— Problem description —
Beginning with the first entry, set down each one exactly as shown.

— Exercise materials —
============================================================

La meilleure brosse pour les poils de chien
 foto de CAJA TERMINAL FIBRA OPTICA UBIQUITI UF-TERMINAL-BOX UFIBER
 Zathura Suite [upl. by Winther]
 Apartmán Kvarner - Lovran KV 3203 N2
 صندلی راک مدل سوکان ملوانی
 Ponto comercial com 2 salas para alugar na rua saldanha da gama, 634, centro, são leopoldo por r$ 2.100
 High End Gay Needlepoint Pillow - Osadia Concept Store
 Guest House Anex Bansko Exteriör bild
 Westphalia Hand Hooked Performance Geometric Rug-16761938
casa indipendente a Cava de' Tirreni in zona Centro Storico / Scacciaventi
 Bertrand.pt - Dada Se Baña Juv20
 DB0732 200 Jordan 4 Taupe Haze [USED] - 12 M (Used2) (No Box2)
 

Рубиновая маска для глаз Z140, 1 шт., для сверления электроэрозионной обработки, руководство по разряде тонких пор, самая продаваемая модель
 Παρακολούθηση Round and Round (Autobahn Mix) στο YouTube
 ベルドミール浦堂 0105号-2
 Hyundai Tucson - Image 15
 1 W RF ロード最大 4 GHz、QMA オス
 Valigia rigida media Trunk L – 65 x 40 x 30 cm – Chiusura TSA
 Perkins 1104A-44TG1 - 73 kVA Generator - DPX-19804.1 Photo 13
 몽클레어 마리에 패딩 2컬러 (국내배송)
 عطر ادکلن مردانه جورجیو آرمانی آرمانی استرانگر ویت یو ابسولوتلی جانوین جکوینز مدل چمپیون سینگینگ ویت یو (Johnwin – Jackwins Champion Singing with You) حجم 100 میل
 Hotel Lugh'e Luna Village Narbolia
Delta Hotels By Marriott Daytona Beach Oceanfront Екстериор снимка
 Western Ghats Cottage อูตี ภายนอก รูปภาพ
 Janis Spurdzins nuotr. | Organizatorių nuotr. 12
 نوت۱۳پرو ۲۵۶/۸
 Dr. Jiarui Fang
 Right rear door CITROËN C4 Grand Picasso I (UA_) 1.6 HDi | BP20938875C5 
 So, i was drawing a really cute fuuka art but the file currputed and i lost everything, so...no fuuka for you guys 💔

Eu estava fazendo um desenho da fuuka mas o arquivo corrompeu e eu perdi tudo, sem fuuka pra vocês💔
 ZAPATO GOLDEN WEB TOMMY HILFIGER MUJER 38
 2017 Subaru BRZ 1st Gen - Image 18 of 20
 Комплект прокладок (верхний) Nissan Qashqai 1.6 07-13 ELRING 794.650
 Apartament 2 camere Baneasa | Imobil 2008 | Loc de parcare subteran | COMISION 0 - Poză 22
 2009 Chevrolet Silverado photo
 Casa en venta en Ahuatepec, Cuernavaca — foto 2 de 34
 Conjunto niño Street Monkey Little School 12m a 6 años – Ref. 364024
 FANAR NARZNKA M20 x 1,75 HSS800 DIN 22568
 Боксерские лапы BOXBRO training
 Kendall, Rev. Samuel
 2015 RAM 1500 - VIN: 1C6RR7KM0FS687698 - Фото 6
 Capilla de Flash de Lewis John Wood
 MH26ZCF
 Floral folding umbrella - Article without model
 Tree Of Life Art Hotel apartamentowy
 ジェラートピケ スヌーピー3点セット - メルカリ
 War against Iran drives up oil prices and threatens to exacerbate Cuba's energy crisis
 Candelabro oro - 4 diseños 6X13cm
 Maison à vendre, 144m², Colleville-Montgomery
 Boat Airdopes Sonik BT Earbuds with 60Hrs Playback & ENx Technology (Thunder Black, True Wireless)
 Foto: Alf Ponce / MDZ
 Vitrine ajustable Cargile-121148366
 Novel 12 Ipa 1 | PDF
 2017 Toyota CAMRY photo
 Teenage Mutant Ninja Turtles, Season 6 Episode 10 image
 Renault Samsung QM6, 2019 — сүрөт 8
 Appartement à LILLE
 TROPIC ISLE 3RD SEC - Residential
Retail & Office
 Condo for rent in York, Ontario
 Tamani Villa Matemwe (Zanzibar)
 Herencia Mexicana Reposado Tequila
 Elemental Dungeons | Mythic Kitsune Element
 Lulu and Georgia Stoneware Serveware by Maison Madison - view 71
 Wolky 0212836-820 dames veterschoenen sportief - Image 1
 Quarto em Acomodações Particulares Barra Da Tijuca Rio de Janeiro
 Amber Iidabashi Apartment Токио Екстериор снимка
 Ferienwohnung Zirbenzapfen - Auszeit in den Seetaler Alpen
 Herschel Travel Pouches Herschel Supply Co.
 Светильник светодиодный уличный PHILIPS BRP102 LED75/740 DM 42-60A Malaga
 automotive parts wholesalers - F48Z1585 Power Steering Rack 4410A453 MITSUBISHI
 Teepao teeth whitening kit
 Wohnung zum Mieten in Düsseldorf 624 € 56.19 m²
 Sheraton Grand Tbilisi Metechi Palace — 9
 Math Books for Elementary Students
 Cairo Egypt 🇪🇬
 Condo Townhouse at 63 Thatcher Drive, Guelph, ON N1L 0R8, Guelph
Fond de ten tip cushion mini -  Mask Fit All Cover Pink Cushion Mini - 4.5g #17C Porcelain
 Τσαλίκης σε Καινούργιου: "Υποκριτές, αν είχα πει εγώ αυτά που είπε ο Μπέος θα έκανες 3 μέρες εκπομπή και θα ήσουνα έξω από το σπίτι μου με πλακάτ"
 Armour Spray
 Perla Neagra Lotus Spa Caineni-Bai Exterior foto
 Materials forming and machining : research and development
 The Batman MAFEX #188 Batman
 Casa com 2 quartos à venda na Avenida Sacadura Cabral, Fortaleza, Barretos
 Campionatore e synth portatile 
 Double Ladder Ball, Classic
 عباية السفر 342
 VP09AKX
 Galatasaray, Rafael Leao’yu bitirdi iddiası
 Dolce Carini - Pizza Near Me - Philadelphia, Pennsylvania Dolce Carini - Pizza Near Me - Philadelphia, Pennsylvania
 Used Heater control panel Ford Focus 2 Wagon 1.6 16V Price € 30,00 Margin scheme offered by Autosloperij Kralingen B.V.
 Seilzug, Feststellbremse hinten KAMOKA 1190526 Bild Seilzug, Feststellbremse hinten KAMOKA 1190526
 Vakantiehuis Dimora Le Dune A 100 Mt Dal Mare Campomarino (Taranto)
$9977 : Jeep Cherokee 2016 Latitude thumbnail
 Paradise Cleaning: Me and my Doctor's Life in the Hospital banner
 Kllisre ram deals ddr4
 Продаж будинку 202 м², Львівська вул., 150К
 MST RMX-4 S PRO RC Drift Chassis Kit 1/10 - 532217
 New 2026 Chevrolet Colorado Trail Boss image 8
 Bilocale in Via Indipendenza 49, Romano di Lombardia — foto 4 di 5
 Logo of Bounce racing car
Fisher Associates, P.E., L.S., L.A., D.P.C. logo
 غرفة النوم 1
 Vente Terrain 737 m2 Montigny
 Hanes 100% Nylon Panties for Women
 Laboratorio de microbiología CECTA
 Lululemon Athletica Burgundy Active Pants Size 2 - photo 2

============================================================

— Written solution —
La meilleure brosse pour les poils de chien
 foto de CAJA TERMINAL FIBRA OPTICA UBIQUITI UF-TERMINAL-BOX UFIBER
 Zathura Suite [upl. by Winther]
 Apartmán Kvarner - Lovran KV 3203 N2
 صندلی راک مدل سوکان ملوانی
 Ponto comercial com 2 salas para alugar na rua saldanha da gama, 634, centro, são leopoldo por r$ 2.100
 High End Gay Needlepoint Pillow - Osadia Concept Store
 Guest House Anex Bansko Exteriör bild
 Westphalia Hand Hooked Performance Geometric Rug-16761938
casa indipendente a Cava de' Tirreni in zona Centro Storico / Scacciaventi
 Bertrand.pt - Dada Se Baña Juv20
 DB0732 200 Jordan 4 Taupe Haze [USED] - 12 M (Used2) (No Box2)
 

Рубиновая маска для глаз Z140, 1 шт., для сверления электроэрозионной обработки, руководство по разряде тонких пор, самая продаваемая модель
 Παρακολούθηση Round and Round (Autobahn Mix) στο YouTube
 ベルドミール浦堂 0105号-2
 Hyundai Tucson - Image 15
 1 W RF ロード最大 4 GHz、QMA オス
 Valigia rigida media Trunk L – 65 x 40 x 30 cm – Chiusura TSA
 Perkins 1104A-44TG1 - 73 kVA Generator - DPX-19804.1 Photo 13
 몽클레어 마리에 패딩 2컬러 (국내배송)
 عطر ادکلن مردانه جورجیو آرمانی آرمانی استرانگر ویت یو ابسولوتلی جانوین جکوینز مدل چمپیون سینگینگ ویت یو (Johnwin – Jackwins Champion Singing with You) حجم 100 میل
 Hotel Lugh'e Luna Village Narbolia
Delta Hotels By Marriott Daytona Beach Oceanfront Екстериор снимка
 Western Ghats Cottage อูตี ภายนอก รูปภาพ
 Janis Spurdzins nuotr. | Organizatorių nuotr. 12
 نوت۱۳پرو ۲۵۶/۸
 Dr. Jiarui Fang
 Right rear door CITROËN C4 Grand Picasso I (UA_) 1.6 HDi | BP20938875C5 
 So, i was drawing a really cute fuuka art but the file currputed and i lost everything, so...no fuuka for you guys 💔

Eu estava fazendo um desenho da fuuka mas o arquivo corrompeu e eu perdi tudo, sem fuuka pra vocês💔
 ZAPATO GOLDEN WEB TOMMY HILFIGER MUJER 38
 2017 Subaru BRZ 1st Gen - Image 18 of 20
 Комплект прокладок (верхний) Nissan Qashqai 1.6 07-13 ELRING 794.650
 Apartament 2 camere Baneasa | Imobil 2008 | Loc de parcare subteran | COMISION 0 - Poză 22
 2009 Chevrolet Silverado photo
 Casa en venta en Ahuatepec, Cuernavaca — foto 2 de 34
 Conjunto niño Street Monkey Little School 12m a 6 años – Ref. 364024
 FANAR NARZNKA M20 x 1,75 HSS800 DIN 22568
 Боксерские лапы BOXBRO training
 Kendall, Rev. Samuel
 2015 RAM 1500 - VIN: 1C6RR7KM0FS687698 - Фото 6
 Capilla de Flash de Lewis John Wood
 MH26ZCF
 Floral folding umbrella - Article without model
 Tree Of Life Art Hotel apartamentowy
 ジェラートピケ スヌーピー3点セット - メルカリ
 War against Iran drives up oil prices and threatens to exacerbate Cuba's energy crisis
 Candelabro oro - 4 diseños 6X13cm
 Maison à vendre, 144m², Colleville-Montgomery
 Boat Airdopes Sonik BT Earbuds with 60Hrs Playback & ENx Technology (Thunder Black, True Wireless)
 Foto: Alf Ponce / MDZ
 Vitrine ajustable Cargile-121148366
 Novel 12 Ipa 1 | PDF
 2017 Toyota CAMRY photo
 Teenage Mutant Ninja Turtles, Season 6 Episode 10 image
 Renault Samsung QM6, 2019 — сүрөт 8
 Appartement à LILLE
 TROPIC ISLE 3RD SEC - Residential
Retail & Office
 Condo for rent in York, Ontario
 Tamani Villa Matemwe (Zanzibar)
 Herencia Mexicana Reposado Tequila
 Elemental Dungeons | Mythic Kitsune Element
 Lulu and Georgia Stoneware Serveware by Maison Madison - view 71
 Wolky 0212836-820 dames veterschoenen sportief - Image 1
 Quarto em Acomodações Particulares Barra Da Tijuca Rio de Janeiro
 Amber Iidabashi Apartment Токио Екстериор снимка
 Ferienwohnung Zirbenzapfen - Auszeit in den Seetaler Alpen
 Herschel Travel Pouches Herschel Supply Co.
 Светильник светодиодный уличный PHILIPS BRP102 LED75/740 DM 42-60A Malaga
 automotive parts wholesalers - F48Z1585 Power Steering Rack 4410A453 MITSUBISHI
 Teepao teeth whitening kit
 Wohnung zum Mieten in Düsseldorf 624 € 56.19 m²
 Sheraton Grand Tbilisi Metechi Palace — 9
 Math Books for Elementary Students
 Cairo Egypt 🇪🇬
 Condo Townhouse at 63 Thatcher Drive, Guelph, ON N1L 0R8, Guelph
Fond de ten tip cushion mini -  Mask Fit All Cover Pink Cushion Mini - 4.5g #17C Porcelain
 Τσαλίκης σε Καινούργιου: "Υποκριτές, αν είχα πει εγώ αυτά που είπε ο Μπέος θα έκανες 3 μέρες εκπομπή και θα ήσουνα έξω από το σπίτι μου με πλακάτ"
 Armour Spray
 Perla Neagra Lotus Spa Caineni-Bai Exterior foto
 Materials forming and machining : research and development
 The Batman MAFEX #188 Batman
 Casa com 2 quartos à venda na Avenida Sacadura Cabral, Fortaleza, Barretos
 Campionatore e synth portatile 
 Double Ladder Ball, Classic
 عباية السفر 342
 VP09AKX
 Galatasaray, Rafael Leao’yu bitirdi iddiası
 Dolce Carini - Pizza Near Me - Philadelphia, Pennsylvania Dolce Carini - Pizza Near Me - Philadelphia, Pennsylvania
 Used Heater control panel Ford Focus 2 Wagon 1.6 16V Price € 30,00 Margin scheme offered by Autosloperij Kralingen B.V.
 Seilzug, Feststellbremse hinten KAMOKA 1190526 Bild Seilzug, Feststellbremse hinten KAMOKA 1190526
 Vakantiehuis Dimora Le Dune A 100 Mt Dal Mare Campomarino (Taranto)
$9977 : Jeep Cherokee 2016 Latitude thumbnail
 Paradise Cleaning: Me and my Doctor's Life in the Hospital banner
 Kllisre ram deals ddr4
 Продаж будинку 202 м², Львівська вул., 150К
 MST RMX-4 S PRO RC Drift Chassis Kit 1/10 - 532217
 New 2026 Chevrolet Colorado Trail Boss image 8
 Bilocale in Via Indipendenza 49, Romano di Lombardia — foto 4 di 5
 Logo of Bounce racing car
Fisher Associates, P.E., L.S., L.A., D.P.C. logo
 غرفة النوم 1
 Vente Terrain 737 m2 Montigny
 Hanes 100% Nylon Panties for Women
 Laboratorio de microbiología CECTA
 Lululemon Athletica Burgundy Active Pants Size 2 - photo 2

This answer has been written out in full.